So bene che Recalcati voleva dire altro. Però...
Ricordo qualche titolo di libro, L’uovo alla kok, Il meglio che possa capitare a una brioche e il recentissimo Piccola guerra lampo per radere al suolo la Sicilia. Nulla che faccia pensare al racconto di un’esperienza o dolore privati, ma certo eco di un’attenzione al quotidiano (lessicale e concettuale) su cui affacciare la propria scienza e coscienza.
Ripenso ancora alla voce che vuole Goffredo Fofi mentore di un Saviano giovanissimo a cui consigliava, se avesse voluto continuare a scrivere, di cercare i soggetti osservando e raccontando la vita che scorreva sotto le sue finestre.
Il punto forse allora è questo: oggi le nostre vite, e non necessariamente private, si affacciano su una realtà piccola (nana), che non sa più di guerre e di paci, né di viceré o di moby dick.
E ormai da tempo non circolano e non si frequentano più né i vecchi e i mari, i doni della vita o le cognizioni dei dolori.
Non possiamo accettare (invocare) la trasformazione digitale e poi non immaginare che sia in atto anche un cambiamento estetico ed etico (del canone occidentale?) della scrittura (e della lettura).
Un giorno forse (è quasi certo) si parlerà di questi tempi come di un medioevo (buio) della produzione letteraria. Ma ora ci siamo immersi e poco si vede ("Noi veggiam, come quei c'ha mala luce, le cose [...]Quando s'appressano o son, tutto è vano nostro intelletto”).
Nel frattempo saccheggiamo ciò che incontriamo sulle nostre strade (che magari sono solo cortili).
E’ andata così.
            

venerdì 29 marzo 2013

Fare a meno


Io non ho incontrato tipi umani, ma persone. Se lo studioso generalizza, l’artista invece cerca l’individuo e la sua irripetibilità.
(Jules Renard)

Si può fare a meno di tutto.
Non del silenzio necessario per accorgersi della bellezza e della sofferenza per la sua assenza.


domenica 3 marzo 2013

Cambio di stagione


Io sono un albero spogliante. A differenza del mio fratello cipresso, che resta sempre verde, io invece perdo le foglie. Io sono il cipresso del nord e, come gli alberi nordici, conosco le vicende alterne delle stagioni.
[A. Zarri, Quasi una preghiera, Einaudi 2012]


Non si creda
poco faticoso chiudere la porta.
L’ombra del giorno
non è al mattino,
e mai insieme.
Neppure (la speranza di)
ritrovare la chiave
cancella le parole
che l’hanno nascosta.
Non si dubiti
che sottrarre
è  uccidere.

martedì 12 febbraio 2013

Tempi


Il lattaio scrisse un biglietto: “Oggi non c’è più burro, purtroppo”.
La signora Blum lesse il biglietto e fece i conti, scosse la testa e rifece i conti, poi scrisse: “Due litri, 100 grammi di burro, ieri lei non aveva il burro e me l’ha messo ugualmente in conto”.
Il giorno dopo il lattaio scrisse: “Scusi”.
[P. Bichsel, In fondo alla signora Blum piacerebbe conoscere il lattaio, Marcos y Marcos 1991]
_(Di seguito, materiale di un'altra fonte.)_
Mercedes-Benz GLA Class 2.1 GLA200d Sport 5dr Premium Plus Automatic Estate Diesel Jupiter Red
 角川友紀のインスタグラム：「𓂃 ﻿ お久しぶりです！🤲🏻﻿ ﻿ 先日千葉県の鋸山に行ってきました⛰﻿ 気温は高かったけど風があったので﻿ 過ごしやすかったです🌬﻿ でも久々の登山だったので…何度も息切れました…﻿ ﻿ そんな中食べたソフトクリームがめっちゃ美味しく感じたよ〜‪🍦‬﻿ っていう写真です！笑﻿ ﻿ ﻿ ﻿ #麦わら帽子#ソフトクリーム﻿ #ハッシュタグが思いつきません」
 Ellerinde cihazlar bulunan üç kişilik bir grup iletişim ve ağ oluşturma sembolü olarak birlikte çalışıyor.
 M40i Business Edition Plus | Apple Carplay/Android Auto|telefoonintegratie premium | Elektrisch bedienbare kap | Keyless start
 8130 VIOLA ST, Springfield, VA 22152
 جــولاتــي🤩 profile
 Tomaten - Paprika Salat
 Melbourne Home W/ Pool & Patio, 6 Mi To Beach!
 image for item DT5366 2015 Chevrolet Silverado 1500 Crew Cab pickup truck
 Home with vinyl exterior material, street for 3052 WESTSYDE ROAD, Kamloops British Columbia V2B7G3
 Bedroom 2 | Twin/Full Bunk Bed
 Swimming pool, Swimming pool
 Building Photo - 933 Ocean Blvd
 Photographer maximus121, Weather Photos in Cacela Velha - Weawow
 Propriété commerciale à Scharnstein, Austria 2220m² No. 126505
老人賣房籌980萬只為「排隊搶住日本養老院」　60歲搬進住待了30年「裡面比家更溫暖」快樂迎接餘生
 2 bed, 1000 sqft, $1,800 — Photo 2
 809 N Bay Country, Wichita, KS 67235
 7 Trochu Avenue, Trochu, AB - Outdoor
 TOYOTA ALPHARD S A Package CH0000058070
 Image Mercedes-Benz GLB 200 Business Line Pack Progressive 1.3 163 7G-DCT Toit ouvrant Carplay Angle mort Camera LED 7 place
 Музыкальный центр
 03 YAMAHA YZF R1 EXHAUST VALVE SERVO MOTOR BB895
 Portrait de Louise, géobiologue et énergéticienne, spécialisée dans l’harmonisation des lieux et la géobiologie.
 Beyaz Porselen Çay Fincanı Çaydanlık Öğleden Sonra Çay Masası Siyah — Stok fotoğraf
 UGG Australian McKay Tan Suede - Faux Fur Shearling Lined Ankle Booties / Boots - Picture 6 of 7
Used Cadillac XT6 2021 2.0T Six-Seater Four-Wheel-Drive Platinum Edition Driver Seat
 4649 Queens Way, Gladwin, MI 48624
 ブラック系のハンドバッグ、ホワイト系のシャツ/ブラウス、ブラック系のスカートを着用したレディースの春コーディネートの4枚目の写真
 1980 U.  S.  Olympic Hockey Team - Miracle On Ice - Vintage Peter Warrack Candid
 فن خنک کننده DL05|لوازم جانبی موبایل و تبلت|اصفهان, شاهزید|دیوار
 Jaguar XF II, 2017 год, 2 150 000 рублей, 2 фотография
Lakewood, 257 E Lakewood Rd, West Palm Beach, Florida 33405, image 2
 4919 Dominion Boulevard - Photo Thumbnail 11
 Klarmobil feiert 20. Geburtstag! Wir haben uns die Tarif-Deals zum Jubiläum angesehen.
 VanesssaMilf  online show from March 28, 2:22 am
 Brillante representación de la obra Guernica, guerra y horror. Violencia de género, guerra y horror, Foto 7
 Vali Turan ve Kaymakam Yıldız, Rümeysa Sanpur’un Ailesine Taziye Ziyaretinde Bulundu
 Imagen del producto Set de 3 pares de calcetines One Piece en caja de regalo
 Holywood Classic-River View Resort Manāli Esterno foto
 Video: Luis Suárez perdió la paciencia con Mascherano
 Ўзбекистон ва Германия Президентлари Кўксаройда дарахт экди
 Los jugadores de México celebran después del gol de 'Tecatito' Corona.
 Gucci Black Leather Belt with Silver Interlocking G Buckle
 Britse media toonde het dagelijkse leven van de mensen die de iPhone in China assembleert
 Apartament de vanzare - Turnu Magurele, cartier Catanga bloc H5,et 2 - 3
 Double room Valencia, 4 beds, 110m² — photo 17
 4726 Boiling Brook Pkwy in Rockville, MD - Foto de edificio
Nel mio quartiere hanno aperto due punti vendita che non vendono nulla e tanto meno si scusano.
Sull’insegna non compare il nome di un’attività (“Lavanderia”), di un mestiere magari raffinato dall’importazione (“Coiffeur”) o anche di un commerciante che ha sposato la sua merce (“da Gino: la primizia che delizia”).
Se pure non ci fosse odore di affari loschi, se ne dovrebbe pensare molto male per il solo fatto che una scritta senza pudore li chiama “compro oro”, dando spazio a una prima persona singolare che non è sinonimo d’altro se non d’egoismo. Sempre. Non c’è esercizio commerciale serio che possa denunciare così sfacciatamente il suo maggiore limite.
Niente a che fare questi negozi con oreficerie e gioiellerie, dove si vendono preziosi a tutti coloro che certo hanno denaro, ma soprattutto amori e speriamo qualche sogno.
No, i compratori non condividono nulla di tutto questo.
Comprando, lo fanno da chi ad amori e sogni (e anche ai loro ricordi) ha dovuto rinunciare e forse da chi ha rubato i sogni di qualcun altro.
Ci sono verbi, prima ancora che persone, che affossano l’economia (e la vita), più che farla girare.
  
  

mercoledì 16 gennaio 2013

Esercizi di stile


Già il fatto che esistano parole (gli aggettivi e i nomi) che cambiano taglia e stato (comparativi o superativi, alterati e vezzeggiativi, tanto per dire) rende simpatica una lingua, che non sta chiusa in un armadio, ma si adatta alle stagioni della vita. 
Gli inediti semantico-grammaticali, poi, aiutano a trovare le parole per dirla.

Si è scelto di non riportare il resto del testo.